# Returning to the hobby



## bettaforu (Sep 6, 2009)

I am returning to the Shrimp hobby after a couple of years away. I am going
to bring in some Fancy Red Tigers, Sunset Tigers, maybe a few different types that are not here yet to see if I can breed them.

Will be covering the Western area of Ontario...Burlington, Hamilton, Guelph, and Miss. 

Should be exciting, Ive missed it.


----------



## Harry Muscle (Mar 21, 2007)

Awesome ... we need more in the West end.

Harry


----------



## planter (Jun 9, 2008)

Welcome back


----------



## bettaforu (Sep 6, 2009)

Im going to try these out for starters...had them before but lost them due to the move to other city.


----------



## Splak (May 1, 2013)

welcome back! If you get your fancy reds going and eventually have some for sale let me know! I had about 15 from Flip Aquatics at one point that I ordered to a PO box and snuck over the border .... but something wiped out that tank before I had enough to start moving the colony to other tanks


----------



## bettaforu (Sep 6, 2009)

Thanks guys. I was thinking I could probably host a Shrimp meeting in my Condo party room too. Get some of the remaining shrimp people in the West here back into the fold.
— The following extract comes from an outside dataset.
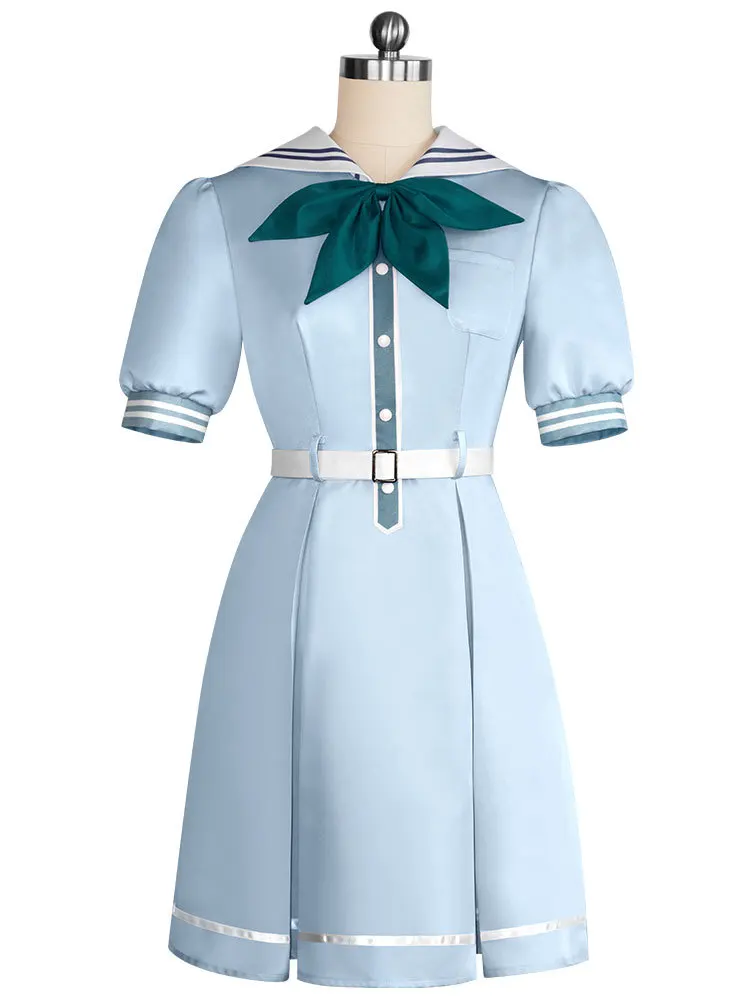 Anime Hasu No Sora Jogakuin School Idol Club Hinoshita Kaho Otomune Kozue Cosplay Costume Lovely Green Sailor Uniform Dress Suit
I have a contact now in the US that I can get some top quality Shrimps from
and will look into bringing in what people are looking for. So if anyone is looking for something specific let me know.

Im going to try to provide a better quality of Shrimp from Breeders in the US and not the Indonesian culls that have been coming in recently.

Let me know what you are looking for and I will try to find it for you at a reasonable price.

Just starting this so bear with me on timetable, Im setting up the tanks now so within the month of April should be ready to rock and roll.

SHRIMPS R US


----------